It was 1968, with Martin and Bobby already both assassinated. It was an election year defined by the war; by three years of race riots, National Guard soldiers in the streets. It was a year defined by the Counterculture, and by an antidraft, antiwar movement. Cronkite decided to do what CBS' executives never though he would -- to tell America that uncomfortable truth from behind the Anchor's desk on the CBS Nightly News. In a closing commentary reminiscent of Edward R. Murrow, Uncle Walter said "In this reporter's opinion", that the Vietnam war simply wasn't winnable; "that perhaps we should say, 'We did the best we could'," and bring our boys home.

President Lyndon Johnson, watching the broadcast, knew it was a watershed moment: If Walter Cronkite had said America should pull out of Vietnam, Johnson told an aide when the broadcast was over, "then I've lost the war". Little more than a week later, LBJ went on national television to say he "would not seek, nor will I accept, the nomination of my party for another term as your President."


Cronkite and his CBS team in Vietnam, 1967 (Public Domain)

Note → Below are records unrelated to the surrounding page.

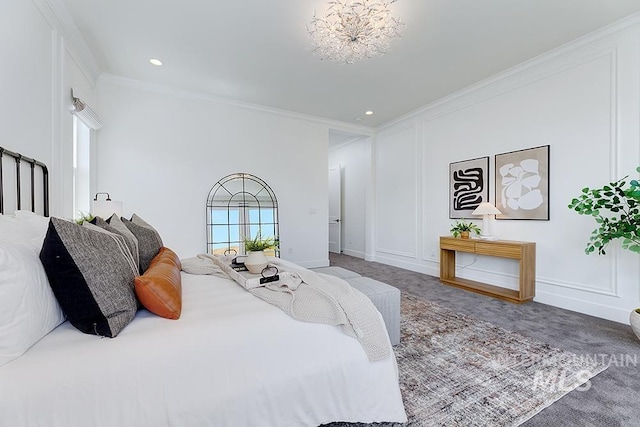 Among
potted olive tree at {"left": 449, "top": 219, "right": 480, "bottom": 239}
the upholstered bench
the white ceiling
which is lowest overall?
the upholstered bench

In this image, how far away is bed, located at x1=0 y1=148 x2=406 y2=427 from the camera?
838mm

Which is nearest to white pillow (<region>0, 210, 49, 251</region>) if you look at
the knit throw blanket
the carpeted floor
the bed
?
the bed

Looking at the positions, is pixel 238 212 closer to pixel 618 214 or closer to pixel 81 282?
pixel 81 282

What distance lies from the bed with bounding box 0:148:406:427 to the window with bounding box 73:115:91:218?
9.33ft

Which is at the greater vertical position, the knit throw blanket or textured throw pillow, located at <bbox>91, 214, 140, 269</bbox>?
textured throw pillow, located at <bbox>91, 214, 140, 269</bbox>

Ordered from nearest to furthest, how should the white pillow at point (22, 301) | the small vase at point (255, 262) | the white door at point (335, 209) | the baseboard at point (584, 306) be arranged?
the white pillow at point (22, 301) < the small vase at point (255, 262) < the baseboard at point (584, 306) < the white door at point (335, 209)

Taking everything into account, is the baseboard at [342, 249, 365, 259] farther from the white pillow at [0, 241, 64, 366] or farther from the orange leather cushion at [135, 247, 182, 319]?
the white pillow at [0, 241, 64, 366]

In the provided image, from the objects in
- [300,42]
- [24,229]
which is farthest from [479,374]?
[300,42]

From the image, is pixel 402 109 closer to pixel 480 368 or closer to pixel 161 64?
pixel 161 64

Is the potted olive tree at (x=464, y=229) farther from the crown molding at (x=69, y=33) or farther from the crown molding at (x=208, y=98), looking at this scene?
the crown molding at (x=69, y=33)

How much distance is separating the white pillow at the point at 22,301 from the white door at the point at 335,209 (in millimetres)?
6473

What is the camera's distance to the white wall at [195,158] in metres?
3.78

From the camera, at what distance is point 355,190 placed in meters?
6.68

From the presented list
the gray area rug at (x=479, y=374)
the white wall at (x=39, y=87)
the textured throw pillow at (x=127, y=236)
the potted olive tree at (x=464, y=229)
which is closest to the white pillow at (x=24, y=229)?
the textured throw pillow at (x=127, y=236) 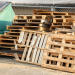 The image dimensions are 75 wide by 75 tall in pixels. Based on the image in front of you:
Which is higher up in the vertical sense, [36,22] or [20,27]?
[36,22]

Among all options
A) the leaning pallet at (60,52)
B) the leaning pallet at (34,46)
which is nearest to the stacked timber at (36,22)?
the leaning pallet at (34,46)

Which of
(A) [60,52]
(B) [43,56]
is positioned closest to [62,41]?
(A) [60,52]

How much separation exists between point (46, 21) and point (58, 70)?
107 inches

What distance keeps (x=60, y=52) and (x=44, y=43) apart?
76cm

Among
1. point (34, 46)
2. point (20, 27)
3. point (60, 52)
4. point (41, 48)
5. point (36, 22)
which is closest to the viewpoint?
point (60, 52)

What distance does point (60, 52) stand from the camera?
496 centimetres

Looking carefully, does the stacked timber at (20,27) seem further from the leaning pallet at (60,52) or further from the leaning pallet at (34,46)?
the leaning pallet at (60,52)

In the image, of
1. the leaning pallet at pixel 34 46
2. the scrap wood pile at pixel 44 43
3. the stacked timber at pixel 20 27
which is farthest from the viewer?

Cronkite broke the code of silence that made up so much of life in post-World War Two America; he was calling things by their right names, reality with a Capital R. I remember watching Cronkite deliver that message in 1968. It was the sort of moment I hoped some other American broadcast journalist would come to during the "Lil' Boots" Bush years. Finally, Keith Olbermann did, a little late in the day, and not entirely because he had come to a heartfelt conclusion about the disaster of Lil' Boots' presidency... but also because it meant good ratings for MSNBC, something Cronkite would have barely considered.

Our leaving Vietnam would take another four years, and cost additional thousands of American lives. Richard Nixon was elected claiming he had a "secret plan" to end the war. That turned out to be more escalation, CIA assassination squads; J. Edgar Hoover's COINTELPRO; the 1970 invasion of Cambodia and a heavy crackdown on antiwar demonstrations; The Plumbers and black-bag jobs and 'Enemies Lists', and cozy relations between the GOP and the Mob-run Teamsters' Union. After the killing of four students at Kent State in Ohio, Cronkite lashed out at Nixon's policies, and his stand gave other reporters and networks the courage to voice their own opinions in closing segments.

In response, Nixon put heavy pressure on William Paley to muzzle Cronkite's criticism; then, Vice-President Spiro Agnew went after America's media in a series of speeches, essentially accusing national news outlets, and figures like Cronkite, of treason.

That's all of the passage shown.